[Opening INPUT DATA section]
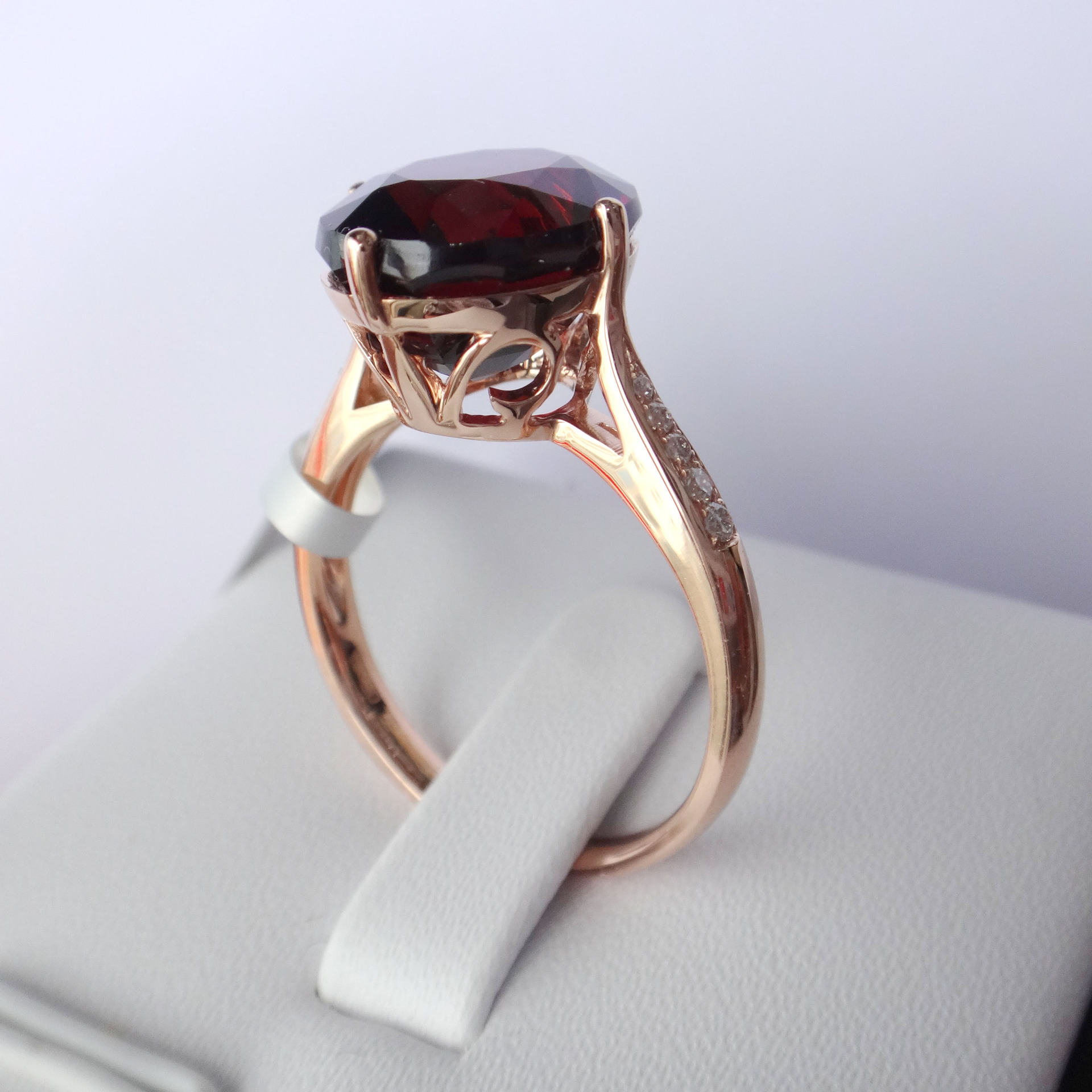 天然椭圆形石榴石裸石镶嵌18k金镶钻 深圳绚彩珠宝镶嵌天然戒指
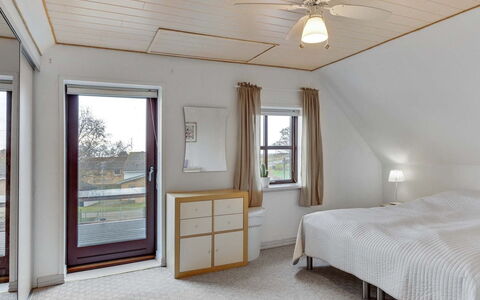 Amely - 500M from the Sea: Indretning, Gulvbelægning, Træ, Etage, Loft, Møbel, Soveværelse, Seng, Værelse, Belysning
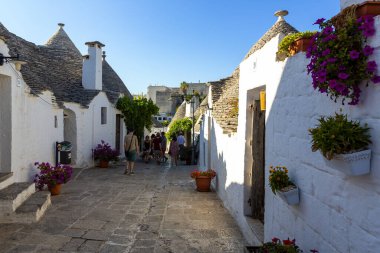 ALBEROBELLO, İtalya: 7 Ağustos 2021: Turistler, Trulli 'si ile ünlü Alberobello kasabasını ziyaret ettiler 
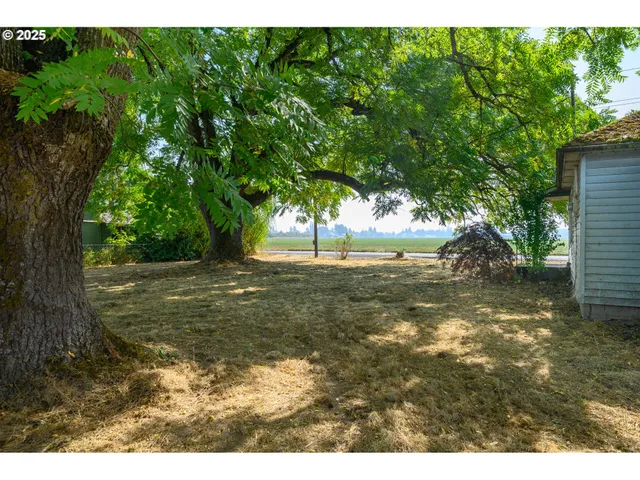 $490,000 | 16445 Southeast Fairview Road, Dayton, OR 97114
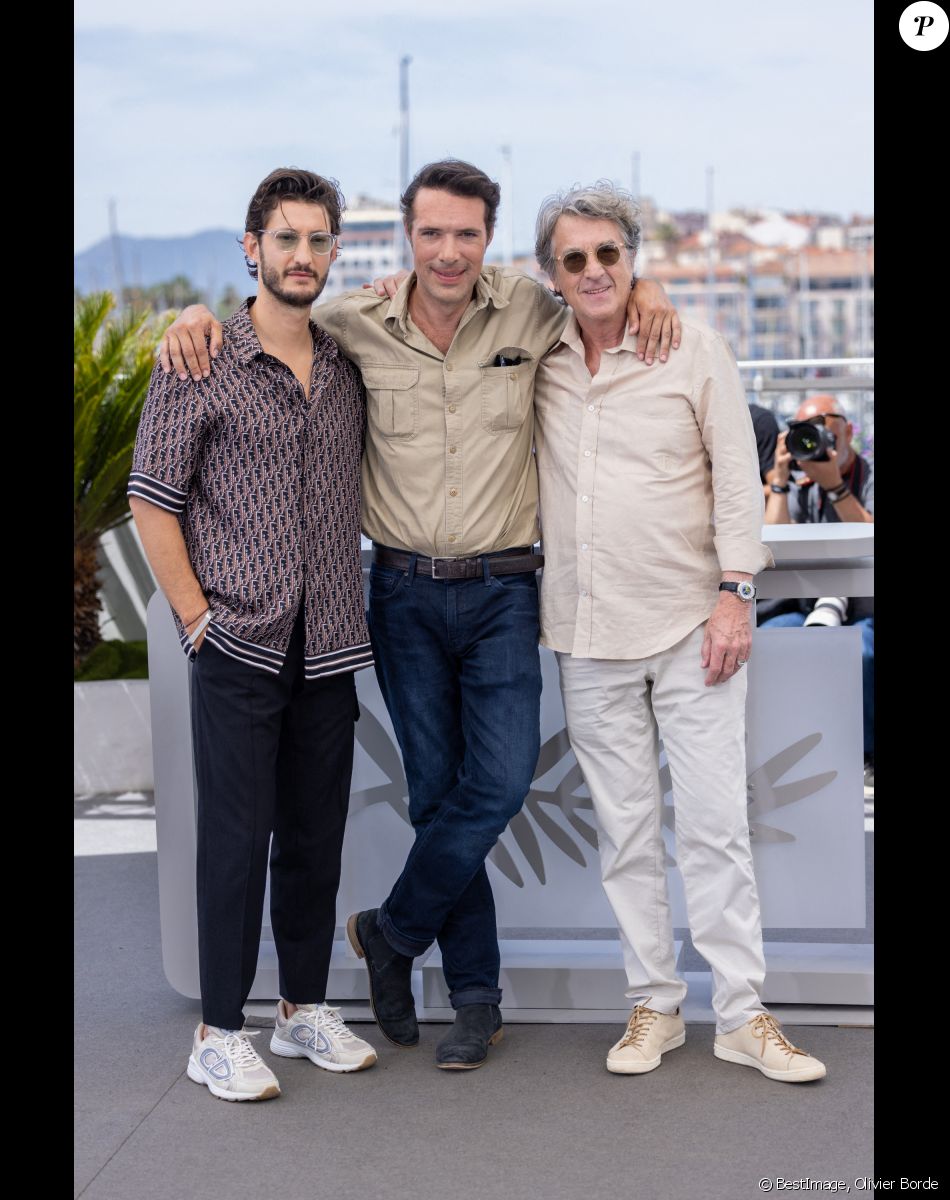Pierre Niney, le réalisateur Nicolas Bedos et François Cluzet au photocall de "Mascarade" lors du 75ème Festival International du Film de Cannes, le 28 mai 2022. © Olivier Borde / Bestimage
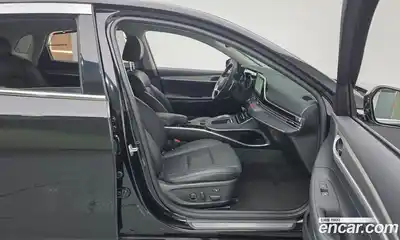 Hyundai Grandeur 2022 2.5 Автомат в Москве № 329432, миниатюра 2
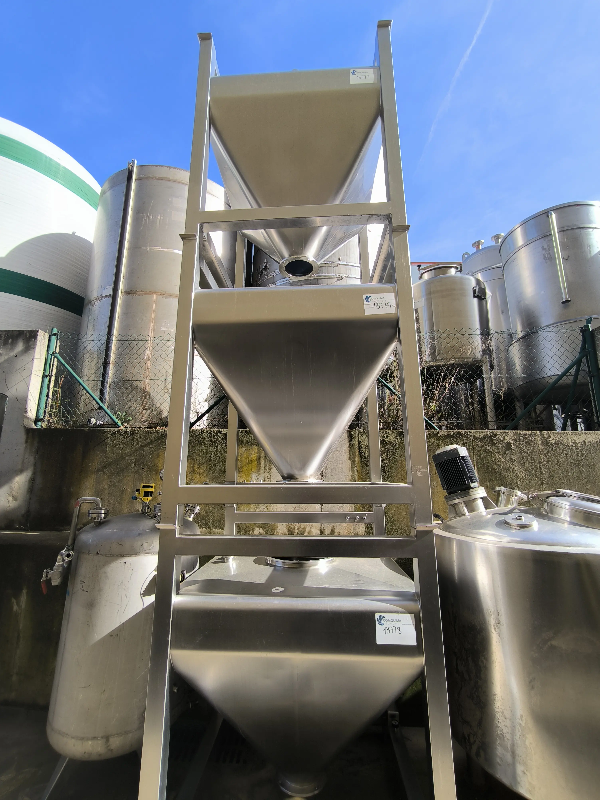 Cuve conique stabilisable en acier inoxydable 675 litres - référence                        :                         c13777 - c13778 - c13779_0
[Closing INPUT DATA section]
EXERCISE OBJECTIVE:
Range to copy from the listing above: the line containing "Amely - 500M" down to the line containing "Dayton, OR 97114", both included. Reproduce it exactly, minus the pictures, and add nothing.

WRITTEN ANSWER:
 Amely - 500M from the Sea: Indretning, Gulvbelægning, Træ, Etage, Loft, Møbel, Soveværelse, Seng, Værelse, Belysning
 ALBEROBELLO, İtalya: 7 Ağustos 2021: Turistler, Trulli 'si ile ünlü Alberobello kasabasını ziyaret ettiler 
 $490,000 | 16445 Southeast Fairview Road, Dayton, OR 97114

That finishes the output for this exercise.